Tanya Gill (BA/BEd '00) and Tina Shingoose Fancy (BA '96) met 20 years ago while they were students at the University of Lethbridge. Gill was completing her Bachelor of Education degree, while Shingoose Fancy was working toward her English degree. They became fast friends and have shared an incredible journey, including weddings and the births of four children. In fact, they became so close that they often finish one another’s sentences.

Fast forward 20 years and they each decided independently of the other to pursue a social work degree. They note, “Coming to the decision separately, but being able to pursue this next degree together has been an incredible gift.”

Gill and Shingoose Fancy have many ties in their adopted hometown of Lethbridge, so the ability to take their bachelor of social work right in their home community was an important factor. They wanted to pursue more education with the least disruption to their family lives. Thus began a whirlwind of applications to the University of Calgary and Faculty of Social Work’s southern Alberta region in Lethbridge.

The best friends say that they couldn’t have completed the applications or finished their degree without the other. “Social work makes you take a really hard look at yourself and figure out where you fit in the world and in practice,” Gill explains.” Having someone to process experiences with, and have hard conversations with, is invaluable. You can’t put a price tag on that kind of support.” 

Gill and Shingoose Fancy believe that their life experiences have taught them about inspiring hope in others, an important part of their social work journey.

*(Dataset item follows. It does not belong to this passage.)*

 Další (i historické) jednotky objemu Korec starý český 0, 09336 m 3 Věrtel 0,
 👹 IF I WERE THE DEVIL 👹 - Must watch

And personal journeys of challenge and resilience are a part of their friendship.

Tina Shingoose Fancy has two children, ages 13 and 15, and is married to her wonderful husband, Grant. Photo by Rob Olson

For Shingoose Fancy, Gill’s friendship was invaluable when she was faced with serious health issues. While she appreciated the support of her husband and family, she was so thankful to have Gill by her side. Shingoose Fancy remembers, “There was never really a need to explain with each other. She just knew what I needed.” 

Gill appreciated Shingoose Fancy’s love and unwavering dedication in her own times of challenge. Gill’s husband died tragically while on vacation, leaving her to raise two small children on her own. “There’s a real element of beauty that develops in a friendship when you know that person is there in the hardest moments,” Gill says.

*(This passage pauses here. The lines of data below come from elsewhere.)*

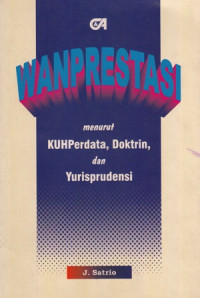 Wanprestasi Menurut KUHPerdata Doktrin Dan Yurisprudensi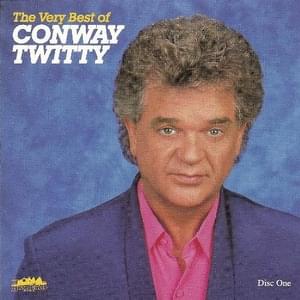 Happy Birthday Darlin’ - Conway Twitty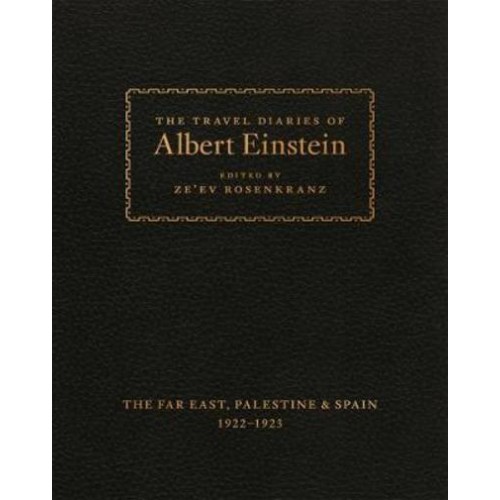The Travel Diaries of Albert Einstein The Far East, Palestine & Spain, 1922-1923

Life experiences lead to social work

After these difficult experiences, Gill and Shingoose Fancy realized they were ready to grow and tackle new challenges.

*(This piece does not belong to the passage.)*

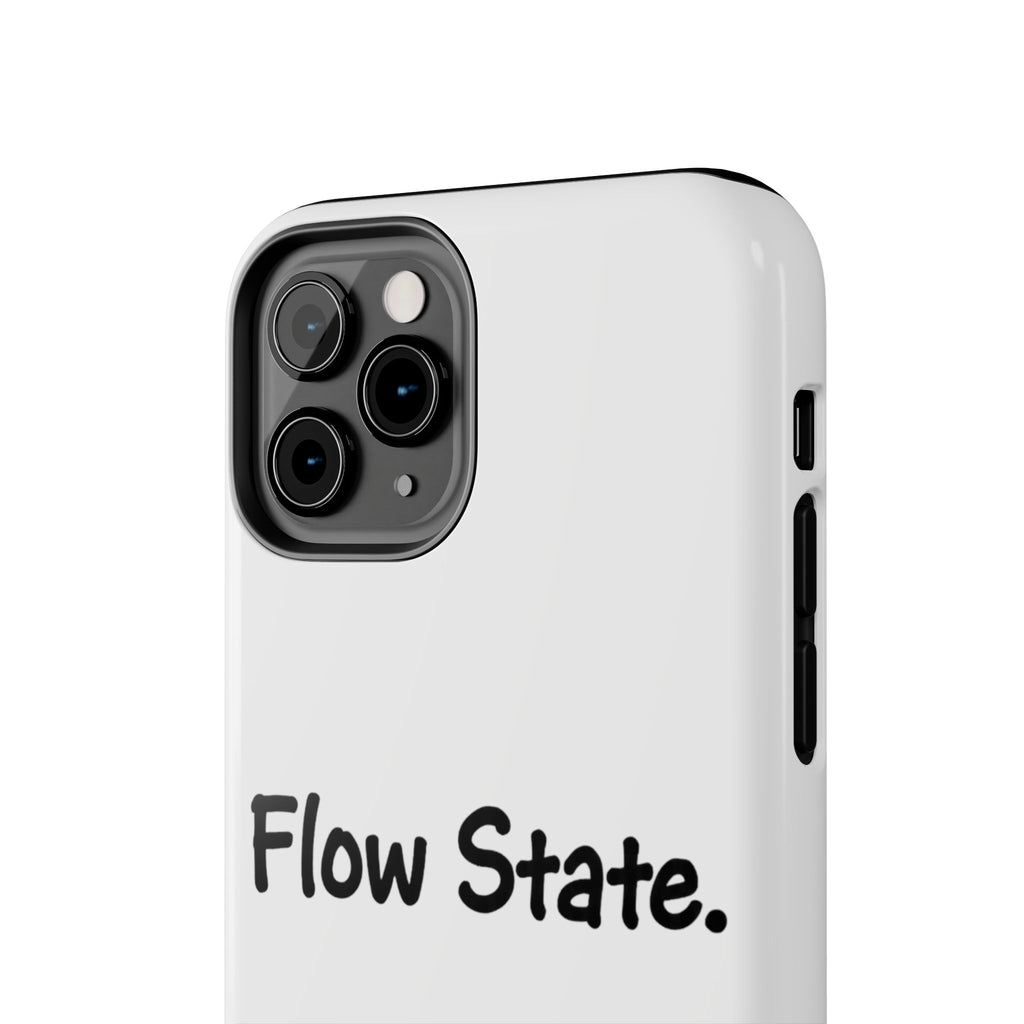 Flow State Tough Phone Case — Minimalist Motivational iPhone Cover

For Shingoose Fancy, her experience working at Womanspace Resource Centre, a Lethbridge non-profit agency, was eye-opening. There she piloted a financial literacy course for low-income women who needed additional support and empowerment to navigate the bureaucratic maze of social assistance programming. As she worked with these women, she realized that there was only so much a person could do to change the system from the outside. “I was seeing women come out the other side broken, bruised and used up by the system. They absolutely felt like their voices weren’t being heard,” recalls Shingoose Fancy. “I wanted to be able to step in before that point, which is why social work is such a great fit.”

For Gill, after her husband died and she stopped teaching, she became a certified grief recovery practitioner and pursued a certificate in thanatology (the study of death and bereavement). She thought it might lead to a masters degree in counseling, but after taking a few prerequisites, she knew it wasn’t for her. “I realized that while there’s an element of science to people’s wellness and well-being, it really is about relationships,” Gill explains. “With social work, you meet people where they’re at. What they see as wellness is their reality and it’s not my place to judge that. It’s my place to make sure they’re achieving what they see as their optimal level of wellness.”

Social workers with bright futures

While they worked toward their degrees, Gill and Shingoose Fancy contributed substantially to student life on the Lethbridge campus. “Both brought significant insight and experiences, as well as passion and enthusiasm,” says Lorraine Letkemann, an instructor in the Faculty of Social Work’s southern Alberta region. “They were both actively involved in the Lethbridge community before coming into the program. It was clear from the beginning that they were determined to learn and contribute as much as possible during their time with us, and then go back out and continue to serve their community.”

Letkemann was right. Gill and Shingoose Fancy have already started working with Child and Family Services, South Region. “The agency is very lucky to have them,” adds Letkemann. “Tina and Tanya will, without a doubt, enhance the lives of their clients and co-workers.”